Third Parties & Tamil National Movement
1 August 2006


The ‘Eelam pundits,’ as Taraki put it, and Tamil politicians in Colombo purveyed the myth that an impartial and powerful third party could altruistically intervene to ensure a just settlement is reached for the armed conflict and to enforce it is implemented by the Sinhala state. So they championed the Indian state as that third party and discouraged Tamils from examining its role through the prism of its geopolitical interests in the region.

Taraki observed almost three years ago that

“from 1983 to 86, it was taboo among Tamils to propagate the truth that India was exploiting their cause to gain a foothold in Sri Lanka. The few who dared to speak about India’s hegemonistic designs were admonished not to be too rash lest we provoke Delhi’s ire and cause a disruption in the weapons handouts by the RAW”

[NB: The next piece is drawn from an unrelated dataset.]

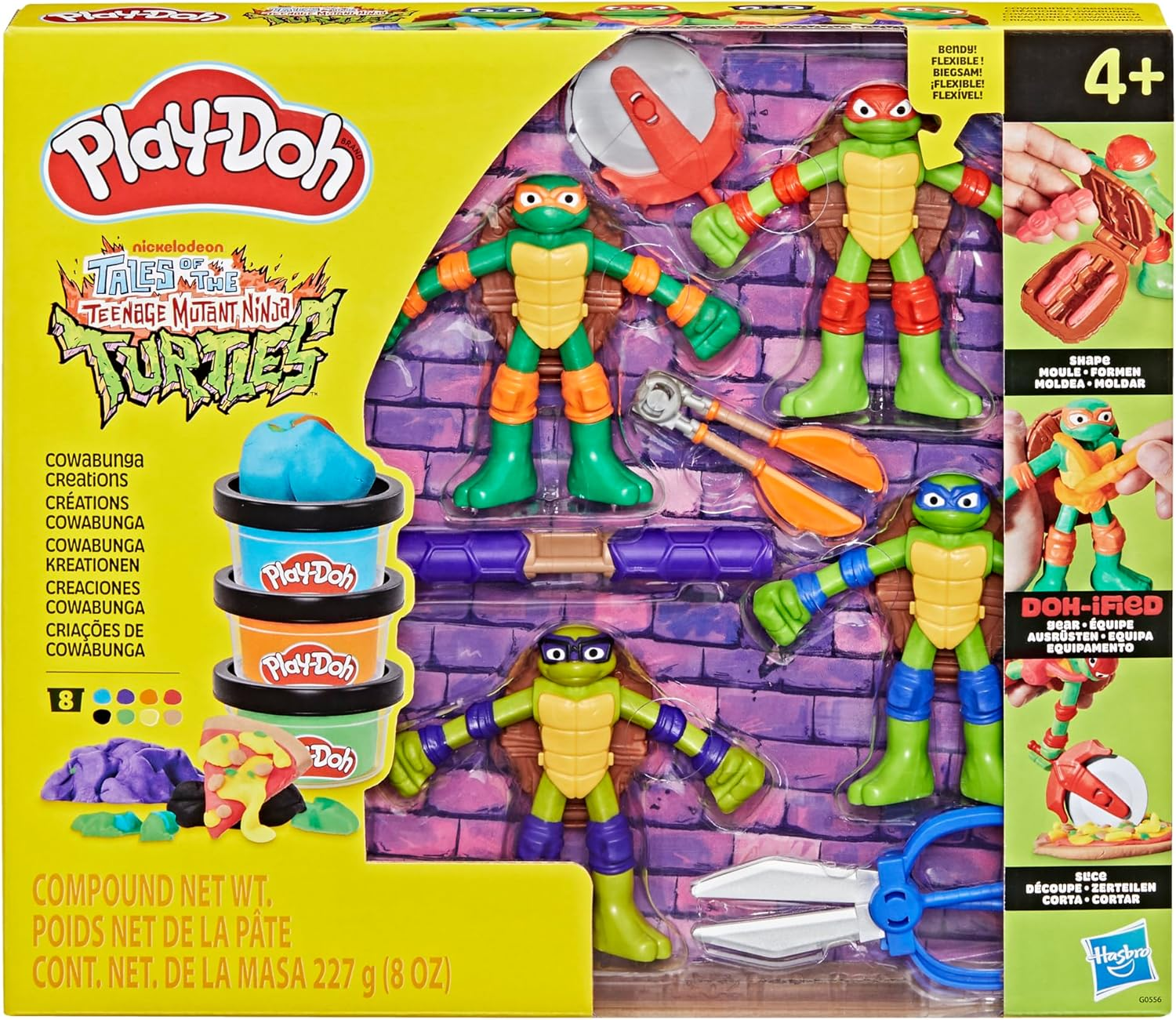 Play-Doh Teenage Mutant Ninja Turtles Cowabunga Creations Bendy 4 Inch Action Figures Set, Kids Arts & Crafts, TMNT Toys for Boys & Girls 4+ image number 3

The naïve pro-Indian tilt unfortunately convinced most Tamils to welcome the 1987 Indo-Lanka Accord and enthusiastically greet the Indian Peace Keeping Force. Indeed they compelled the Liberation Tigers of Tamil Eelam (LTTE) Leader V. Prabhakaran to suspend hostilities, which he did reluctantly and against his better judgement at the Sudumalai meeting in August 1987. The rest, as the saying goes, is history.

The next generation of ‘Eelam pundits’ – both local and expatriate – are also deluding themselves by turning a blind eye to the geopolitical objectives of the co-chairs (US, EU, Norway and Japan) of the Sri Lanka donor consortium. They claim the co-chairs led by the US are growing disenchanted with the intransigent Sinhala nationalist leadership for its repeated avoidance of a compromise federal formula for conflict resolution. They point to US Assistant Secretary Richard A. Boucher’s reference – the first time by any US official – to a Tamil ‘homeland:’ Tamils have, he said, “a very legitimate desire ... to be able to control their own lives, to rule their own destinies and to govern themselves in their own homeland, in the areas they’ve traditionally inhabited” (TamilNet, 4/jun/06).

They draw comfort also from the 30 May statement by the co-chairs which “encouraged” the government to “show that it is ready to make the dramatic political changes to bring about a new system of governance” (The Morning Leader, 31/may/06). And Norway blamed the EU’s proscription of the Tamil Tigers for the breakdown of “talks” (Agence France Presse, 10/jun/06). Desperately clutching at non-existent straws, the ‘pundits’ interpret these interventions as possible indications the US and the other co-chairs could be veering around to acknowledge the legitimacy of the LTTE-led Tamil National Movement.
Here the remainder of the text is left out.